For this exercise, copy the records below exactly and exclude every image.

== Segment start ==

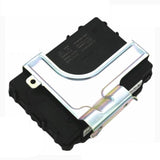 Original-New-PEPS-Module-Z870010J-F0500-(Z870010JF0500)-Passive-entry-passive-start-Control-Unit-for-DFM-Dongfeng-Aeolus-AX3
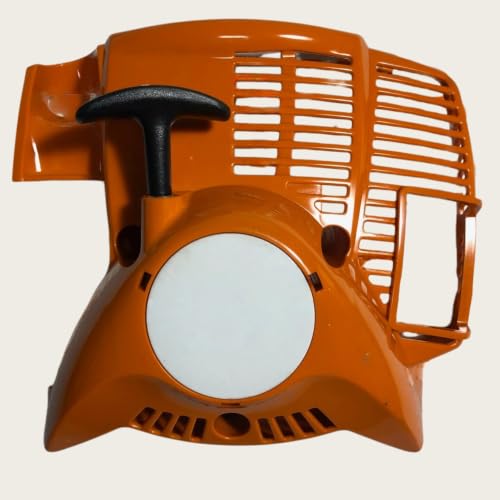 LKJHGTB fc56c fs56rc fs56r HT56c KM56rc fs40 Recoil Pull Start,Replacement for Stihl OEM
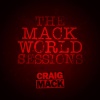 craig mack《Mack Come Thru (Explicit)》[MP3/LRC]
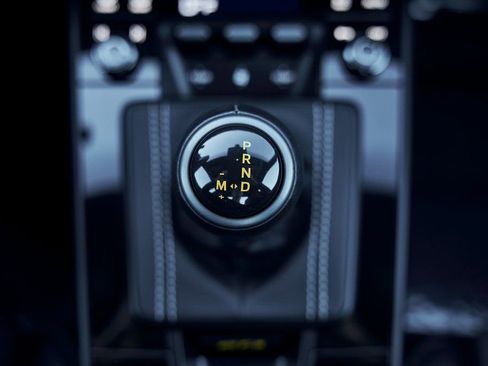 Used 2023 Porsche 911 GT3 image 69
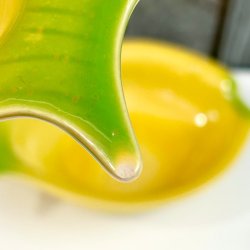 Lille fiskeskl - Jean-Pierre Tallec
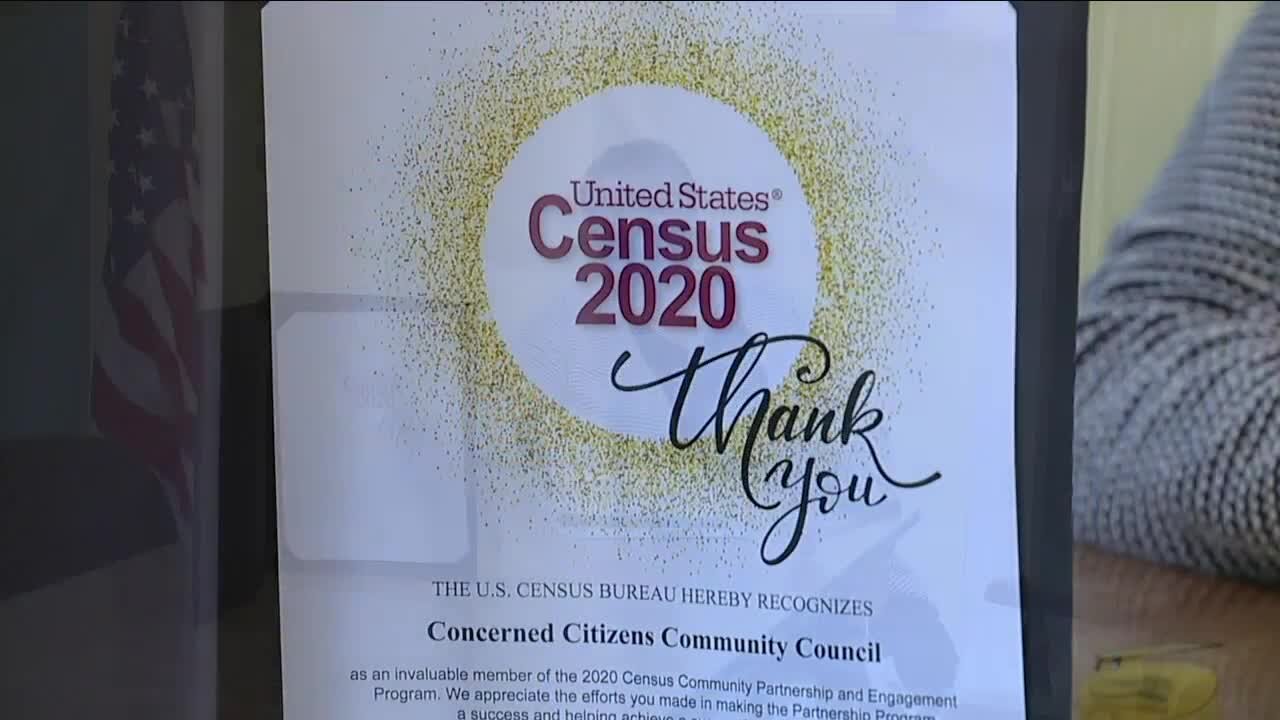 In-Depth: Concerns new U.S. census data could hurt local growth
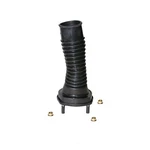 Suspension Strut Mount-mounts Gabriel 142837. Fixed Price $80.38.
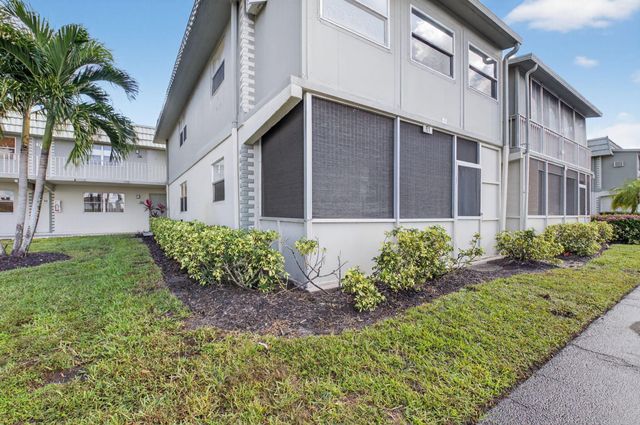 51 Flanders B, Delray Beach, FL 33484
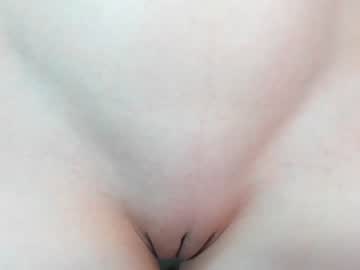 webcam girl _witch__ image #3205163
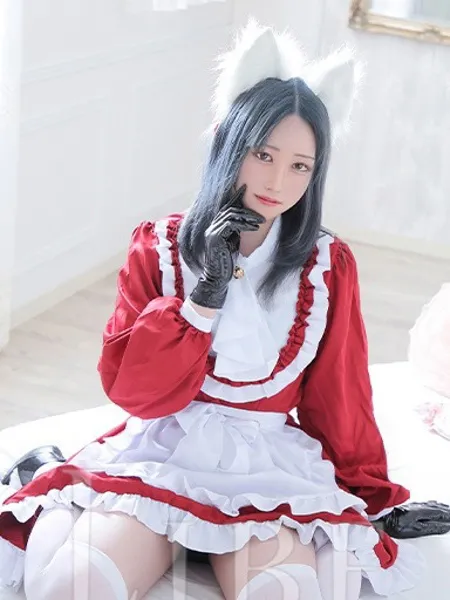 氷織蘭世の写真2枚目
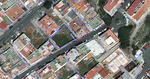 297m² Land in Las Palmas De Gran Canaria, Spain No. 65318 - Image 14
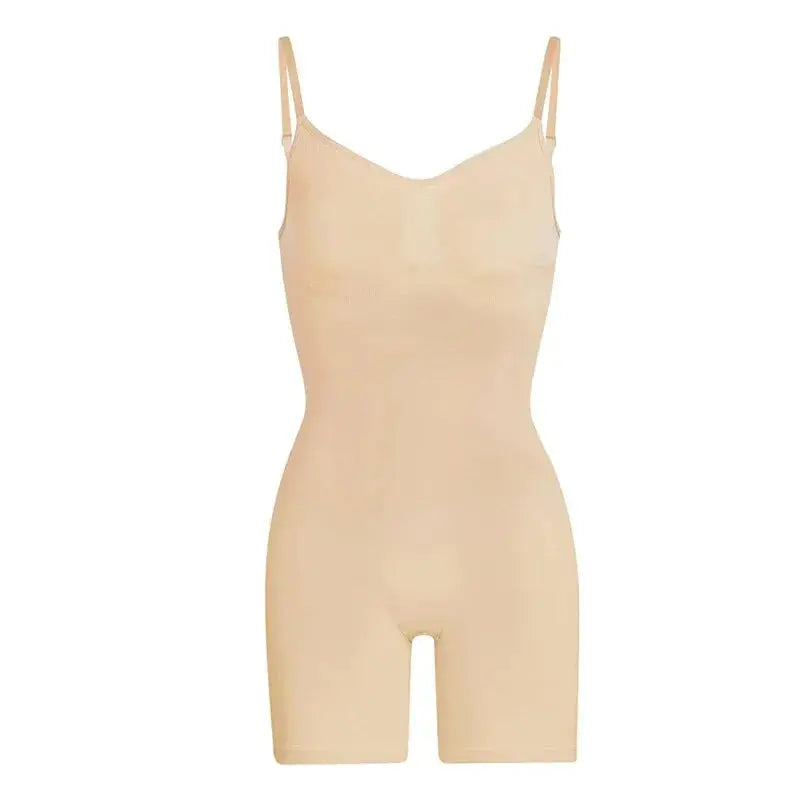 49378300428567|49378300461335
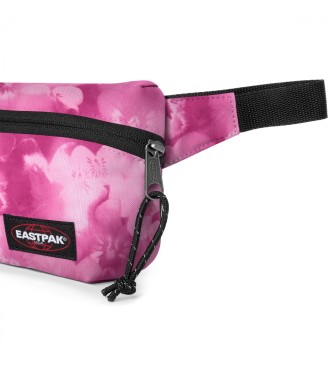 Eastpak Torba na ramię Sommar różowa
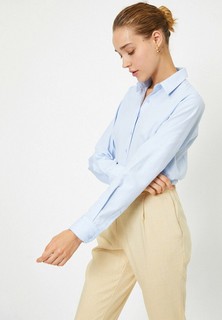 Рубашка Koton 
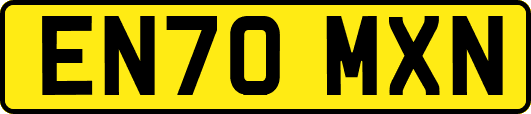 EN70MXN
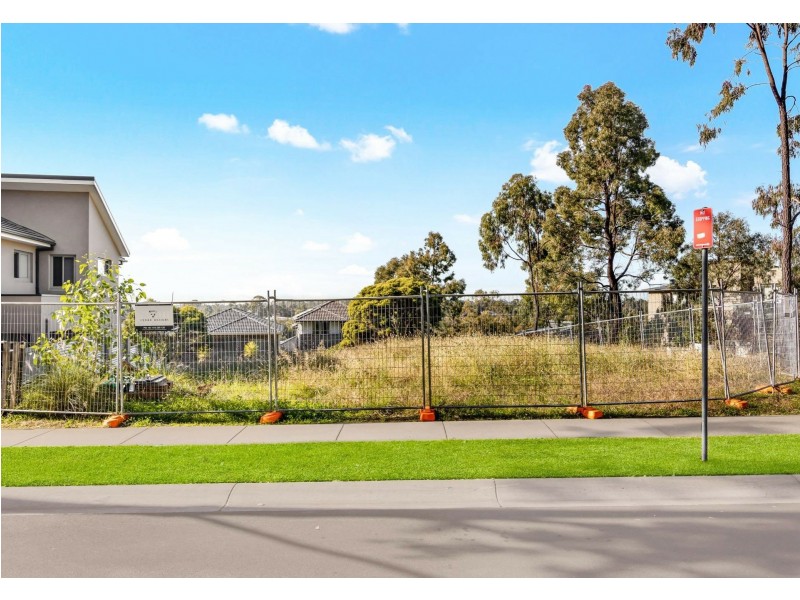 30 Daruga Avenue, Pemulwuy NSW 2145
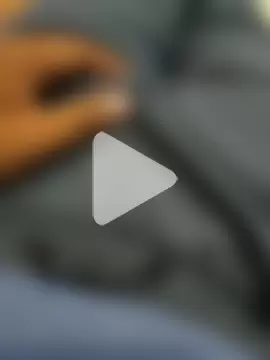 ak007_desire photo 26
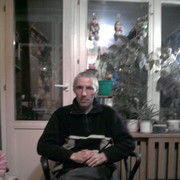 ���������� ������, ������� ����, 64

== Segment end ==

> **Answer box**
 Original-New-PEPS-Module-Z870010J-F0500-(Z870010JF0500)-Passive-entry-passive-start-Control-Unit-for-DFM-Dongfeng-Aeolus-AX3
 LKJHGTB fc56c fs56rc fs56r HT56c KM56rc fs40 Recoil Pull Start,Replacement for Stihl OEM
 craig mack《Mack Come Thru (Explicit)》[MP3/LRC]
 Used 2023 Porsche 911 GT3 image 69
 Lille fiskeskl - Jean-Pierre Tallec
 In-Depth: Concerns new U.S. census data could hurt local growth
 Suspension Strut Mount-mounts Gabriel 142837. Fixed Price $80.38.
 51 Flanders B, Delray Beach, FL 33484
 webcam girl _witch__ image #3205163
 氷織蘭世の写真2枚目
 297m² Land in Las Palmas De Gran Canaria, Spain No. 65318 - Image 14
 49378300428567|49378300461335
 Eastpak Torba na ramię Sommar różowa
 Рубашка Koton 
 EN70MXN
 30 Daruga Avenue, Pemulwuy NSW 2145
 ak007_desire photo 26
 ���������� ������, ������� ����, 64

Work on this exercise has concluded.